Transcript text: Solve the logarithmic equation algebraically. \[ \log _{4} x-\log _{4}(x-9)=\frac{1}{2} \]

Solution

Solution Steps

To solve the logarithmic equation \(\log _{4} x-\log _{4}(x-9)=\frac{1}{2}\), we can use the properties of logarithms. First, apply the quotient rule for logarithms to combine the left side into a single logarithm.
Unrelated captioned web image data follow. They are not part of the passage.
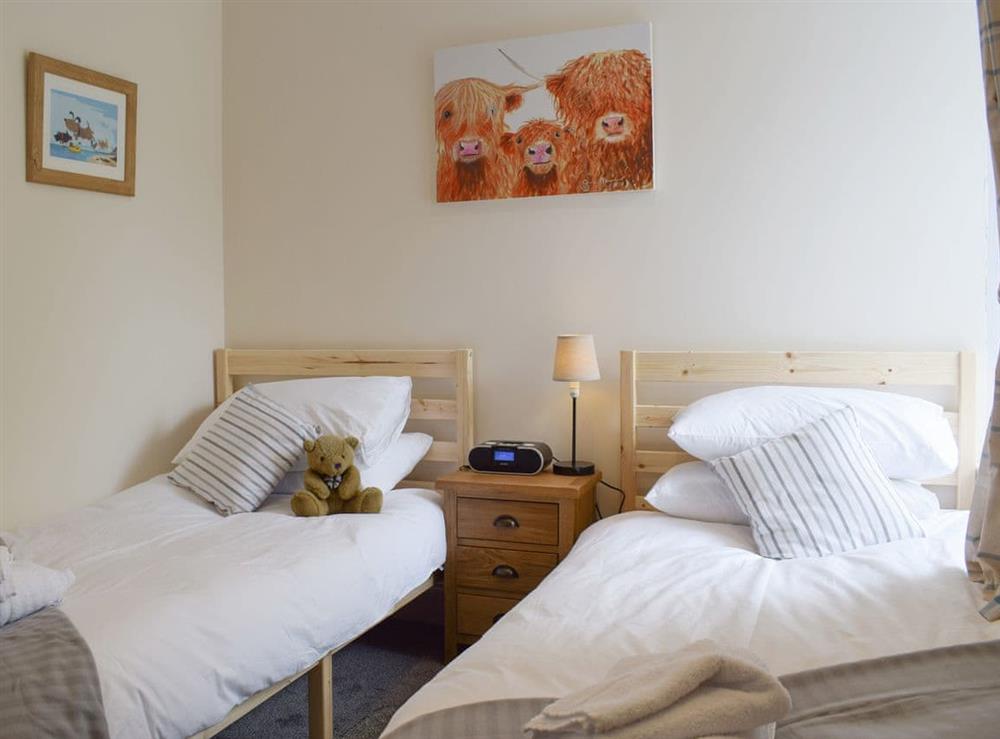 Light and airy twin bedroom at Kirkview Cottage in Upper Largo, near Leven, Fife
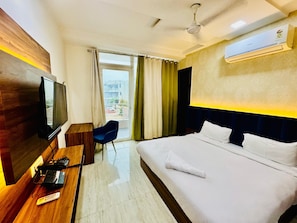 Escritorio, wifi gratis, ropa de cama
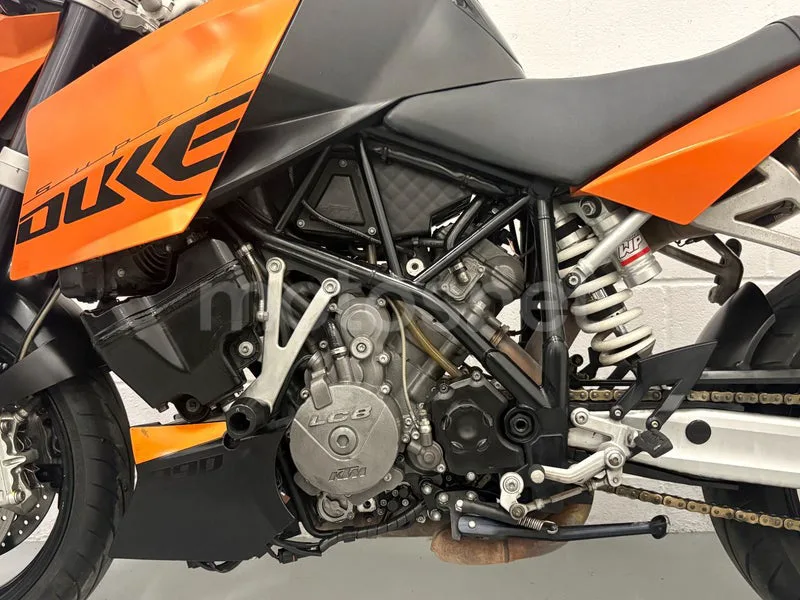 KTM 990 Super Duke - Vista 15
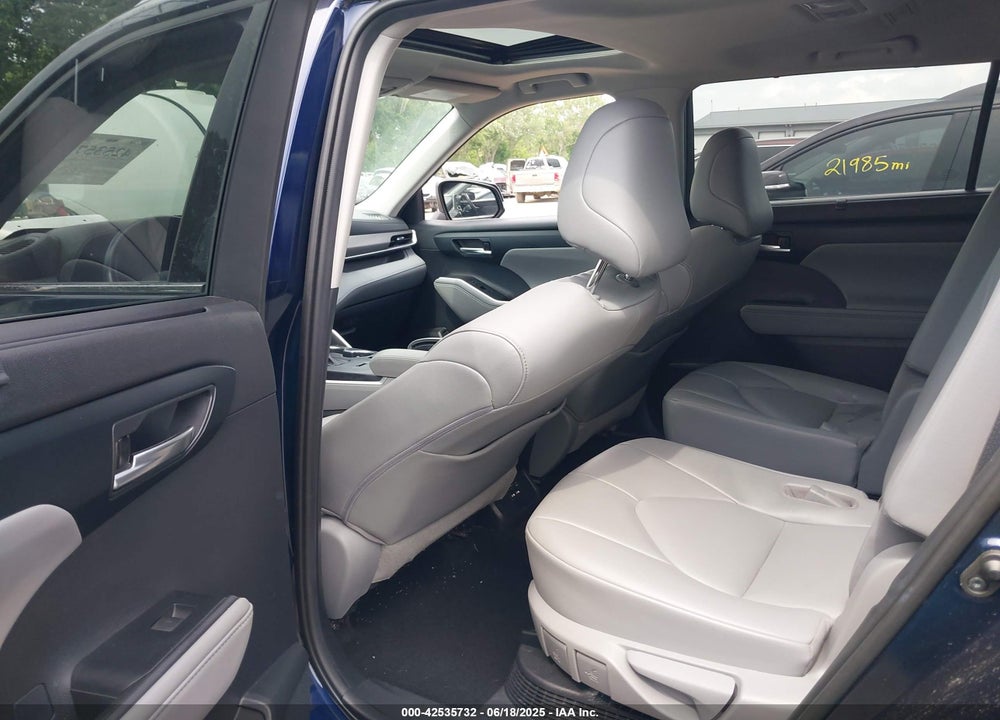 2020 TOYOTA HIGHLANDER VIN: 5TDGBRCHXLS512039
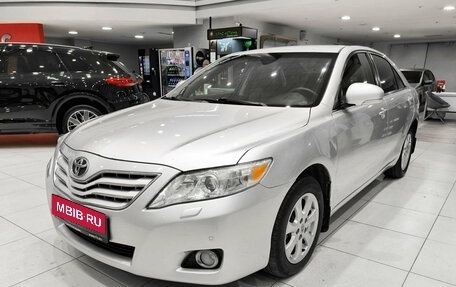 Toyota Camry, 2011 год, 1 050 000 рублей, 1 фотография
Then, convert the logarithmic equation into an exponential equation to solve for \(x\).

Step 1: Combine Logarithms

We start with the equation: \[ \log_{4} x - \log_{4}(x - 9) = \frac{1}{2} \] Using the quotient rule for logarithms, we can combine the left side: \[ \log_{4} \left( \frac{x}{x - 9} \right) = \frac{1}{2} \]

Step 2: Convert to Exponential Form

Next, we convert the logarithmic equation to its exponential form: \[ \frac{x}{x - 9} = 4^{\frac{1}{2}} \] Since \(4^{\frac{1}{2}} = 2\), we have: \[ \frac{x}{x - 9} = 2 \]

Step 3: Solve for \(x\)

Now, we can cross-multiply to solve for \(x\): \[ x = 2(x - 9) \] Expanding and rearranging gives: \[ x = 2x - 18 \implies x - 2x = -18 \implies -x = -18 \implies x = 18 \]